Don't get me wrong; I'm not seriously proposing that Stereophile reviewers should start using this (or any other) system of numerical rankings in their reviews. Nor do I mean to suggest that a subtle (0.01 point) improvement in sound is either trivial or unimportant. That judgment, as always, must be an individual one: what is important to me may be trivial to you, and vice versa. Moreover, a series of tweaks that are individually subtle can add up to an overall improvement in musicality that we all would find satisfying.

I do think that a numerical scale is a useful tool to keep in the back of our heads, as a way of reminding ourselves that we should distinguish small changes from large ones in our writing.
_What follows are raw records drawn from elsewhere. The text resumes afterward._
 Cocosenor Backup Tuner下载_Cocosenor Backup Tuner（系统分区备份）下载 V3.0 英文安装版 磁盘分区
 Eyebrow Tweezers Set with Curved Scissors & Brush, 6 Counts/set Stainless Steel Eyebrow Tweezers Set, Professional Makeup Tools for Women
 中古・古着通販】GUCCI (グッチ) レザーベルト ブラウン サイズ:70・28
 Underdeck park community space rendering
If the best wine critics can do it, why not we? The world of the audiophile is like that of the oenophile: both involve expensive products that differ from each other (and from mass-market versions) in ways that only customers who have sharpened their tastes and perceptions can appreciate.

The craft of describing these differences is one that we must constantly strive to refine. We write for this magazine because we have a lifelong passion for music wonderfully reproduced. As lovers, we fall too easily into the trap of overpraising what we like and over-damning what we don't. When a wine critic complains that a particular '82 Chardonnay tastes like mouthwash, you probably shouldn't take him literally either.